Summary of Natalia Fadrowska’s life story
Interview and recording by Adrian O’dell (NPHG)
September 29th 2018
Natalia Fadrowska was born in Ełk, north-east Poland in November 1985, the daughter of Zdzisław and Wanda Fadrowski. Both her parents were teachers by profession but her father had many different jobs and became mayor of Ełk at the beginning of 2000 and is still involved with local politics, currently as Cultural Director. Her mother became deputy head-mistress of a local school. She has two older brothers, Bartosz and Piotr.
Natalia attended primary school for eight years in Ełk followed by four years in high school where she studied advanced mathematics and computer science. Those were interesting times as she was born at the end of the Communist rule in Poland and that was a difficult time economically. She was excited by the advent of relative freedom but then disillusioned by the period of economic depression which followed. She was raised at a time when there was no class divide; everyone was poor because the unemployment rate was very high. One of her first impressions when she came to Britain was the presence of a class-system, something she had not experienced before.
While at high school she enjoyed partying but also played the piano and attended many evening English lessons. After graduating she went to the University of Nicolaus Copernicus in Toruń to study Economics for three years and during that time was a volunteer with the Dąbrowski Charity which helped children around the world. In 2006 she visited Ukraine to support children of Polish origin there. She then decided to take a gap year to learn English and took advantage of Poland’s new status as an EU member state, with open labour markets and the UK was a natural place for her to improve her language skills.
She came to Norfolk and found similarities with her home province; green, open countryside but close to the sea.
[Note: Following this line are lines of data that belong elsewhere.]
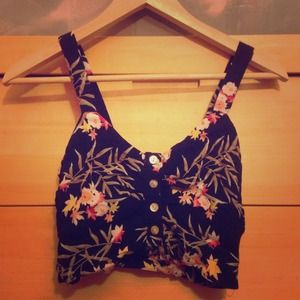 RESERVED!!!! Cute Floral Crop tank!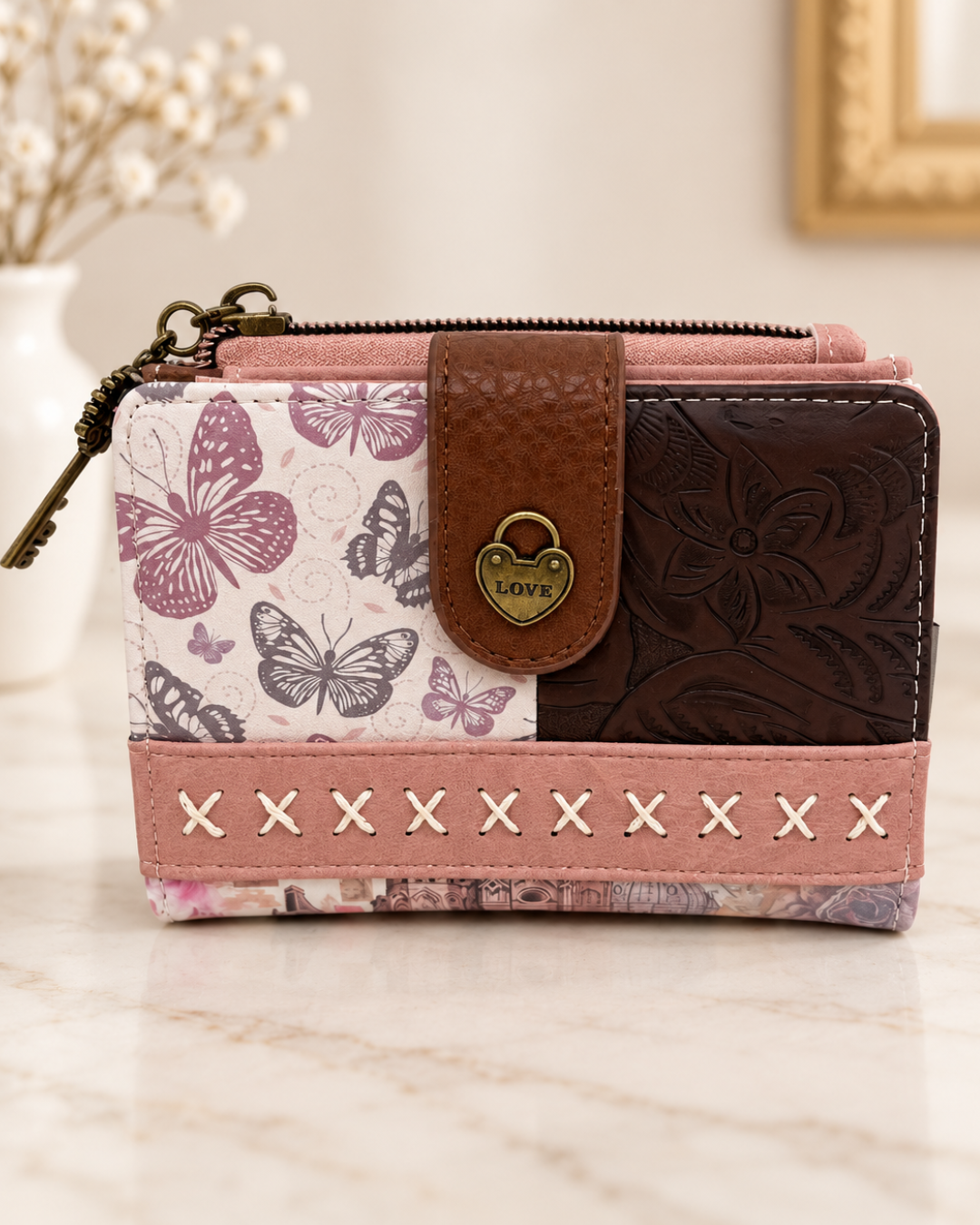 Cartera Sweet Candy con mariposas, panel marrón con flores en relieve y solapa decorada con corazón metálico LOVE.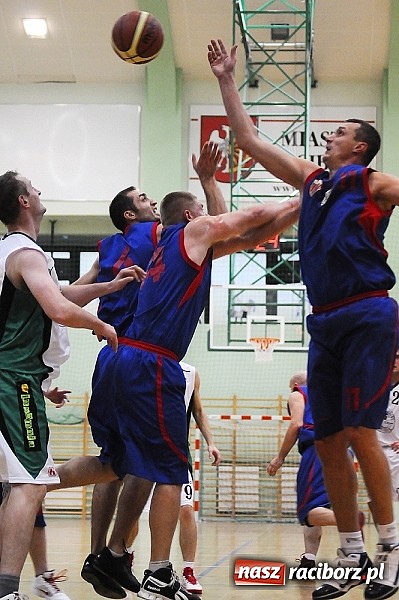 Zdjęcie w galerii na portalu naszraciborz.pl: Koszykówka. Dobry początek, słaby koniec wiadomości z regionu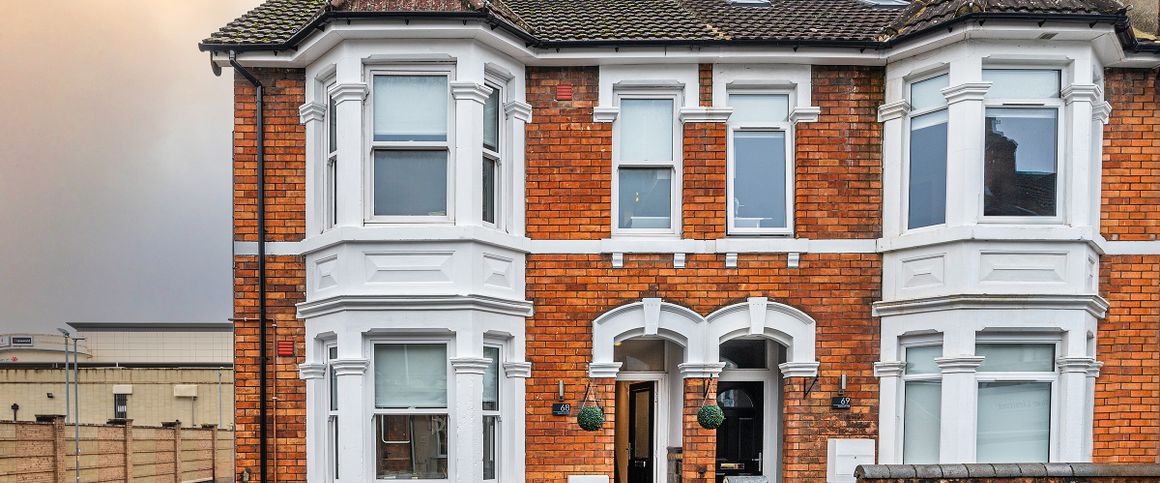 6 Bed, 4 Studio, all en-suite HMO - Photo 1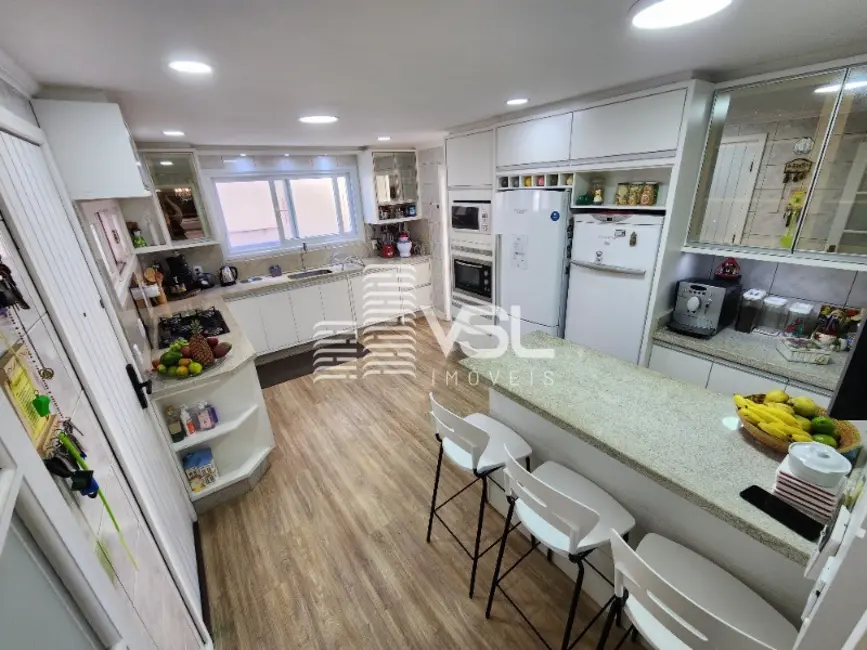 Casa com 5 quartos à venda, 326m2 em Córrego Grande, Florianopolis - SC - imagem 9 Foto 9 de Casa com 5 quartos à venda, 326m2 em Córrego Grande, Florianopolis - SC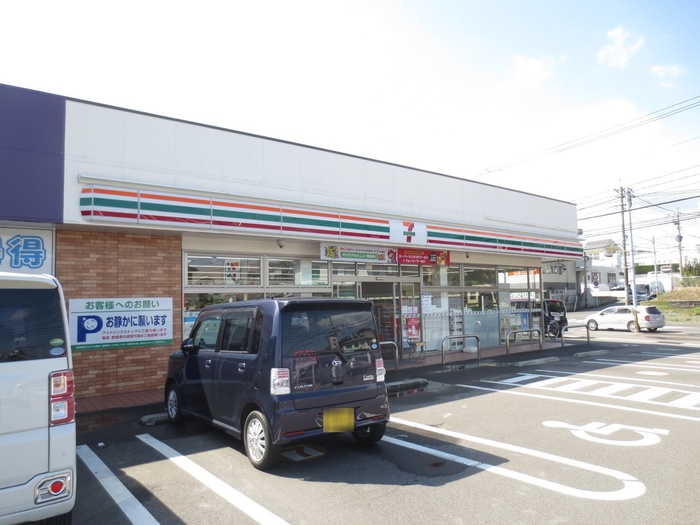 コンビニ　セブンイレブン宮崎月見ケ丘2丁目店（コンビニ）まで235m
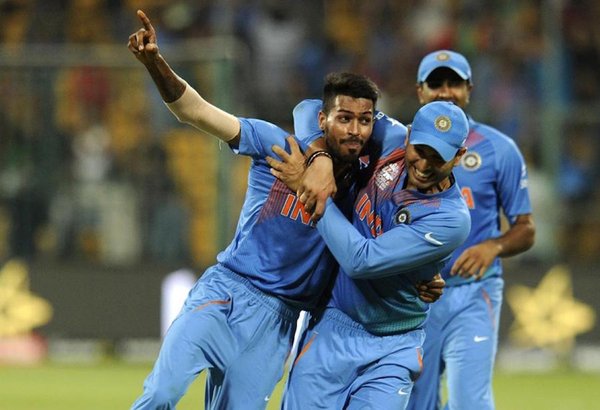 Thought my career was over after bowling my first eight balls, reveals Hardik Pandya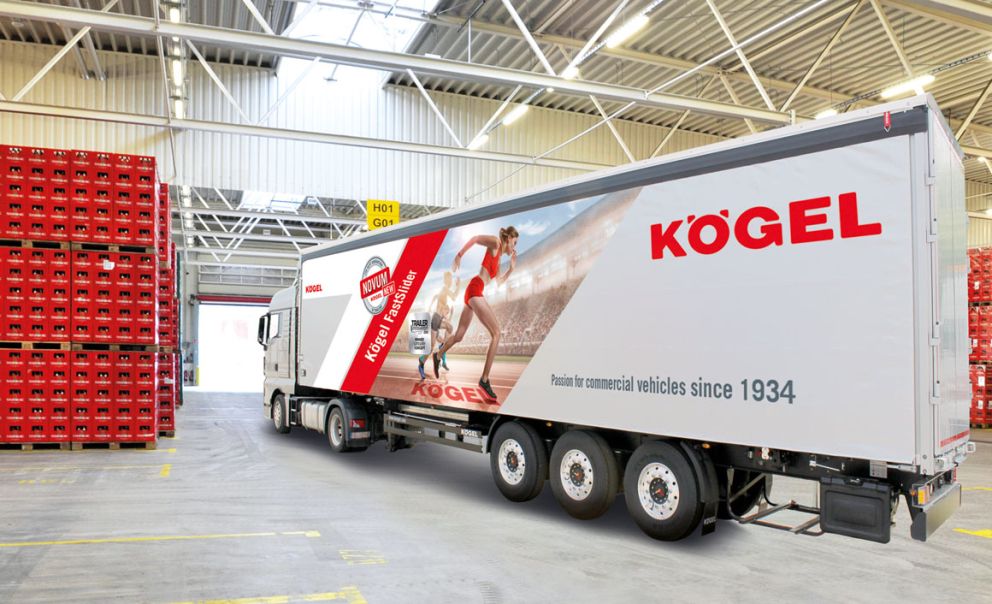 Το σύστημα της Kögel μπορεί να χρησιμοποιηθεί σε μία ή στις δύο πλευρές της κουρτίνας και δύναται να προσαρμοστεί σε πολλές εφαρμογές, όπως για μεταφορές αυτοκινήτων, ποτών ή παλετών.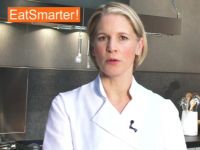 Das Fleisch aus einer Jakobsmuschel herauslösen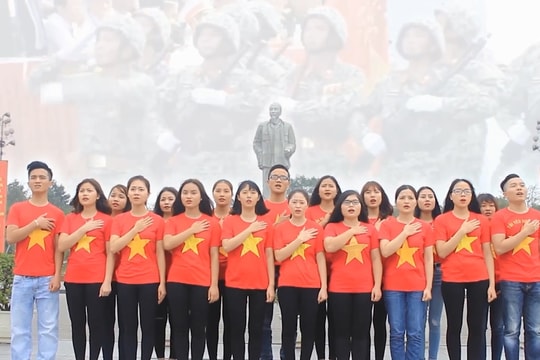 Sinh viên Nghệ An hát “Tiến quân ca” cổ vũ cho U23 Việt Nam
The local people were very pleasant: they would even talk to her at bus stops, something unusual in Poland and generally she had a very positive experience. Then she met James, her present partner and they fell in love. Remembering her grandmothers’ advice that you should never forego your education for a man, however much you love him, she returned to her university in Poland at the end of the gap year. But luck and fate was on her side when she found she could transfer and complete her studies Coventry University and be closer to James.
Her decision to stay in England and come to Norfolk was to be closer to James but also she opted to study for a Masters in Economics at UEA in 2009, which she passed with distinction. It was difficult to find appropriate employment immediately so she worked in Costa Coffee for six months before finding a position for three years with an insurance company in Norwich. She joined Virgin Money in 2012, first in travel insurance and now with their “digital banking” operations and has continued her studies with a variety of qualifications in work-related disciplines. Natalia has travelled to various parts of Britain but feels very much at home in Norfolk. She applied for British citizenship and achieved that status in May 2018; out of thirty applicants on the programme, she was the only Pole. She feels a little disappointed that the British voted to leave the EU but understands that the UK has been less enthusiastic about being a member of the centralised club that Europe has become.
She is still learning about what it is to be British and, being very fond of cooking, she plans to learn how to cook sausage and mash and perhaps mince pies this Christmas. Meanwhile she has cooked the Polish speciality “pierogi” and kotlet schabowy (pork cutlet) for James, which he loves.